I had a sneaking admiration for girls now and the pain and suffering they went through to make themselves look pretty. I thought shaving was a drag (although I didn’t have to do much of that, thank goodness). But all the waxing, plucking, pulling, and pushing girls had to go through to make themselves attractive put the things that men had to do in the shade.

Now, take washing your hair as an example. As a man, you just grab a bottle of whatever shampoo or shower gel, wet your hair, put the stuff on, rinse, and rough-dry with a towel, then comb your hair into some semblance of order.

Now, to girls, it’s almost like a religious thing. First, you choose the correct shampoo and conditioner for your hair.

There appear to be thousands of different hair types. I thought that dry, normal, and greasy were all you had to worry about, but nooooo, there are shampoos for fine, oily, limp, coarse, split ends, processed hair, colored hair, etc. Shampoos that make your hair shiny, have more volume, ya di ya di ya…

There are as many types of conditioner as shampoos; no wonder that the companies that make these products earn a fortune!

Enough of my ranting. You can see I had too much time on my hands waiting for Bridget to finish doing her stuff. Let's get back to the nitty-gritty.

Bridge finally let me get dressed and left the room.

I got dressed in my far too skimpy clothes.

Although I was sore, I could immediately feel the difference as my feminine clothes slid on more smoothly than before.

My breast forms made me gasp as they nestled in my silky bra against my now hairless chest. The panty tights, skirt, and blouse all slipped over my hairless body without resistance, and the feeling was, to say the least, erotic. Percy liked it too, and it took a bit of tugging and pulling before I could tuck him up and send him to sleep. My old granddad told me once that when he was in the army during the war. They used to put bromide in soldiers’ tea to stop their willies from becoming too aroused. I think that I needed something like that!

Just as I finished putting my lacy top and salon smock back on, Bridget came in.

‘Are you decent? OK, sit in the chair again, and I’ll sort out your hair.’

‘You just did it.’

‘Yes, and you just messed it up again putting your top back on!’
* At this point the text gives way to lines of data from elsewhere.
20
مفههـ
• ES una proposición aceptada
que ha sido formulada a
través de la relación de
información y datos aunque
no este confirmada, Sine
Luckily, the damage was not too great, and in a few minutes, after almost choking in the pungent fumes of industrial-strength hairspray, the hair was repaired to her satisfaction.

‘Now Toni, I want you to shut your eyes and trust me.’
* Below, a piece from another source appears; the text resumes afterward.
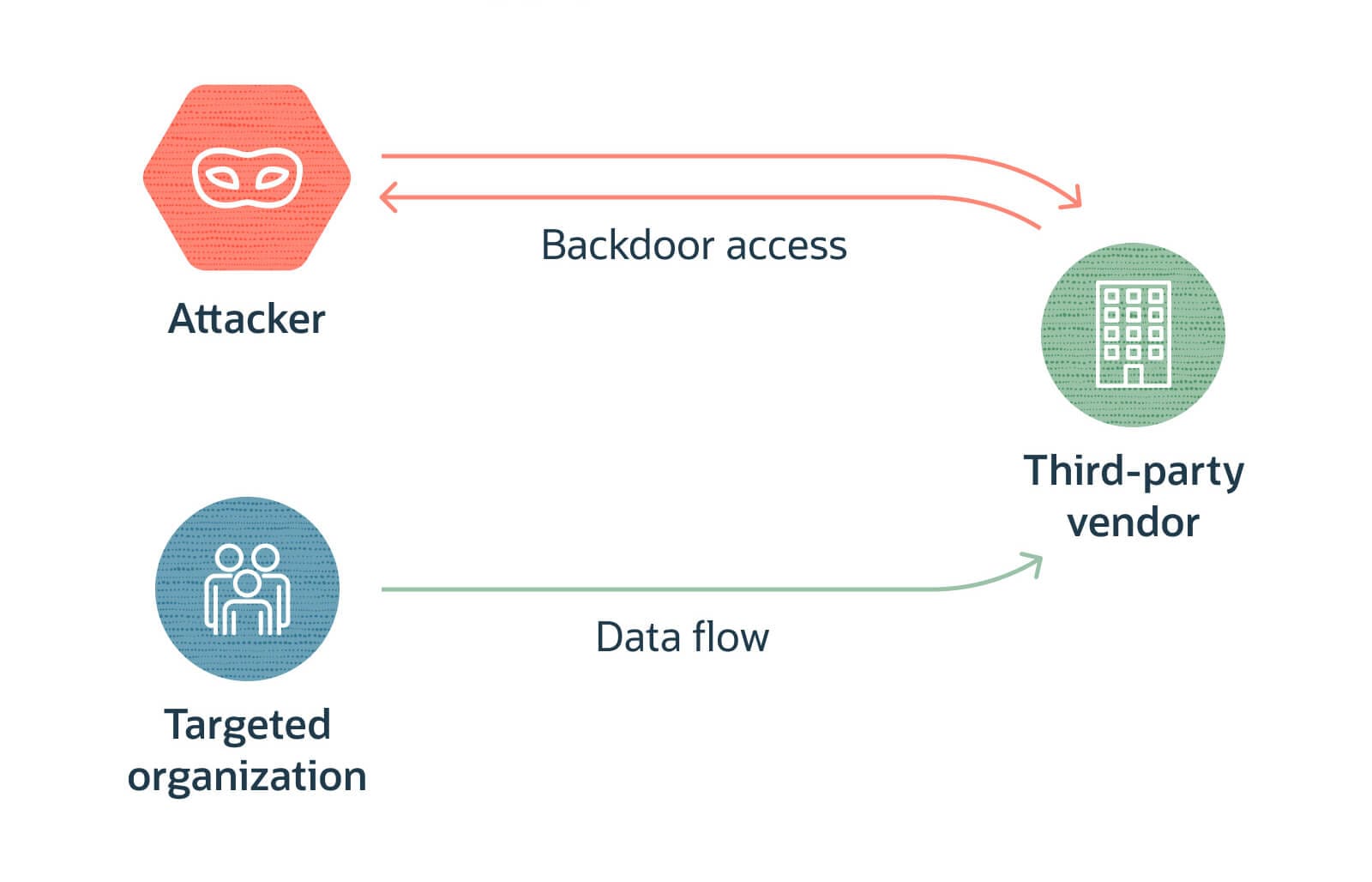 infographic supply chain attack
‘Why?’ I said suspiciously.

‘I need to do your makeup, but before that, I need to do something.’

‘What?’

‘It’s a surprise. You will like it, I promise. Now be a good girl and shut your eyes.’

Being of a trusting, if somewhat simple nature, I shut my eyes.

I heard someone come into the room.

Suddenly, both my earlobes were grabbed, some cold stuff was put on them, and then, before I could say anything, my eyes popped open wide as I felt a stabbing pain in both ears.

‘OWWW! Oh,’

‘My, my, that’s not the language that polite young ladies use,’ said a grinning Bridget. ‘You need your ears pierced if you are going to look girly.’

My ears started to throb a bit as I complained bitterly. The other grinning accomplice to my torture left the room giggling for some strange, warped reason.

‘That hurt! I didn’t need my ears pierced. I could have used clip-on earrings.’

‘They are crappy, and you don’t get much choice. Once your ears are healed, you can stop using the studs and wear some lovely dangly ones.’

I wasn’t convinced but said nothing more. There was no point. The foul deed had been done now.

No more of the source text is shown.